Interestingly, if $k<0$ , although $F$ does satisfy the Lasry-Lions monotonicity ([2]) as demonstrated in Appendix 6.1 of [18], there is no global solution for MFG due to the concavity in $x$ . On the contrary, when $k>0$ , $F$ satisfies the displacement monotonicity proposed in [11] as shown by the following derivation:

\mathbb{E}\left[(F_{x}(X_{1},\mathcal{L}(X_{1}))-F_{x}(X_{2},\mathcal{L}(X_{2})))(X_{1}-X_{2})\right]=2k\left(\mathbb{E}\left[(X_{1}-X_{2})^{2}\right]-\left(\mathbb{E}[X_{1}-X_{2}]\right)^{2}\right)\geq 0.

3 Proof of the main result with two propositions

Our objective is to investigate the relations between $(\hat{X}_{1t}^{(N)},\hat{X}_{2t}^{(N)},\ldots,\hat{X}_{Nt}^{(N)})$ and $\hat{X}_{t}$ described in (Q1), (Q2), and (Q3).
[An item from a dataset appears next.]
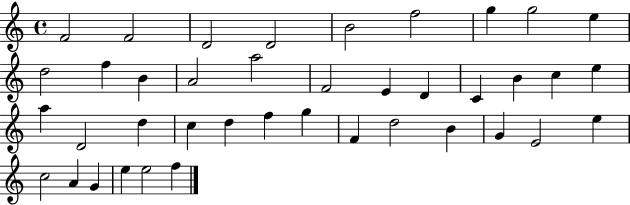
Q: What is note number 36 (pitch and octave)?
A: A4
In this part, we will give the proof of Theorem 1 based on two propositions whose proof will be given later.

Proposition 1.

Under Assumptions 1-2, the MFG equilibrium path $\hat{X}=\hat{X}[\hat{m}]$ is given by

d\hat{X}_{t}=-2a(t)\left(\hat{X}_{t}-\hat{\mu}_{t}\right)dt+dW_{t}+d\tilde{W}_{t},\quad\hat{X}_{0}=X_{0},

(10)

where $a$ is the solution of

a^{\prime}(t)-2a^{2}(t)+k=0,\quad a(T)=0,

(11)

and $\hat{\mu}$ is

\hat{\mu}_{t}:=\mathbb{E}\left[\left.\hat{X}_{t}\right|\tilde{\mathcal{F}}_{t}\right]=\mathbb{E}[X_{0}]+\tilde{W}_{t}.

Moreover, the equilibrium control follows

\hat{\alpha}_{t}=-2a(t)\left(\hat{X}_{t}-\hat{\mu}_{t}\right).

(12)

Proposition 2.

Suppose Assumptions 1-2 hold. For the $N$ -player game, the path and the control of player $i$ under the equilibrium are given by

d\hat{X}_{it}^{(N)}=-2a^{N}(t)\left(\hat{X}_{it}^{(N)}-\frac{1}{N-1}\sum_{j\neq i}^{N}\hat{X}_{jt}^{(N)}\right)dt+dW_{it}^{(N)}+d\tilde{W}_{t},

(13)

and

\hat{\alpha}_{it}^{(N)}=-2a^{N}(t)\left(\hat{X}_{it}^{(N)}-\frac{1}{N-1}\sum_{j\neq i}^{N}\hat{X}_{jt}^{(N)}\right)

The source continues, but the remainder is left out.